MPAS | Smagorinsky turbulence model | Eddy viscosity

Large eddy simulation (LES)

Large eddy simulation (LES) is a mathematical model for turbulence used in computational fluid dynamics. It was initially proposed in 1963 by Joseph Smagorinsky to simulate atmospheric air currents, and first explored by Deardorff (1970). LES is currently applied in a wide variety of engineering applications, including combustion,acoustics, and simulations of the atmospheric boundary layer.

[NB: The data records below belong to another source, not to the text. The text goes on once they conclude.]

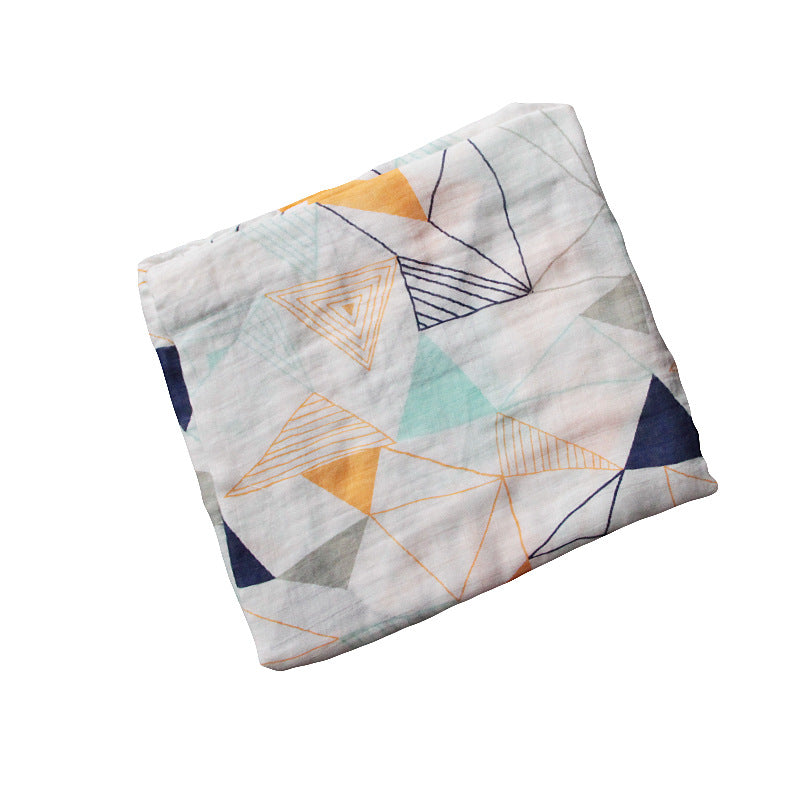Bamboo Muslin Swaddle Blanket | Soft Neutral Receiving Blanket 120x120cm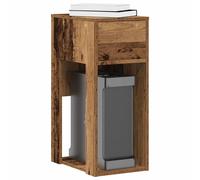 vidaXL Torre de ordenador con cajón madera vieja 30x44x74 cm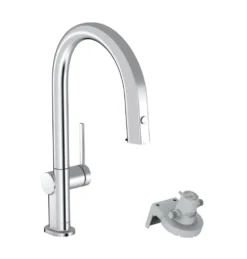 Hansgrohe Aqittura M91 - Keukenmengkraan Met Uittrekbare Uitloop En Filterkop, SBox, Chroom 76826000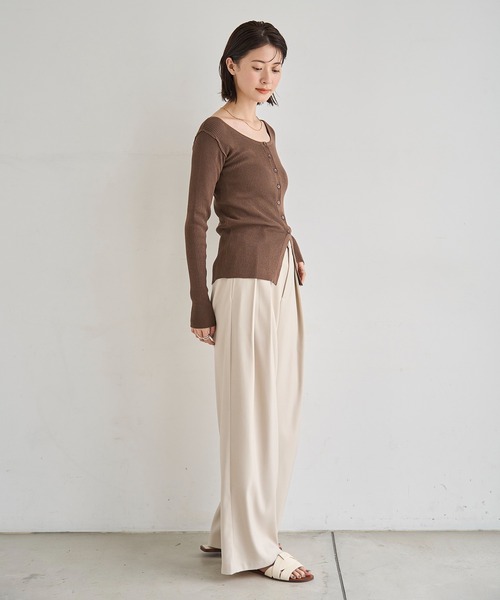 meilmada(メイルマダ)の「ツータックワイドスラックスパンツ(スラックス・レディース・ブラウン/アイボリー/ブラック・SMALL/MEDIUM)」の14枚目の写真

The principal idea behind LES is to reduce the computational cost by ignoring the smallest length scales, which are the most computationally expensive to resolve, via low-pass filtering of the Navier–Stokes equations. Such a low-pass filtering, which can be viewed as a time- and spatial-averaging, effectively removes small-scale information from the numerical solution. This information is not irrelevant, however, and its effect on the flow field must be modelled, a task which is an active area of research for problems in which small-scales can play an important role.

Smagorinsky–Lilly model

The first sub-grid scales (SGS) model developed was the Smagorinsky–Lilly SGS model, which was developed by Joseph Smagorinsky and used in the first LES simulation by Deardorff. It models the eddy viscosity as:

\[ \nu_\mathrm{t} = C \Delta^2\sqrt{2\bar{S}_{ij}\bar{S}_{ij}} = C \Delta^2 \left| \bar{S} \right| \]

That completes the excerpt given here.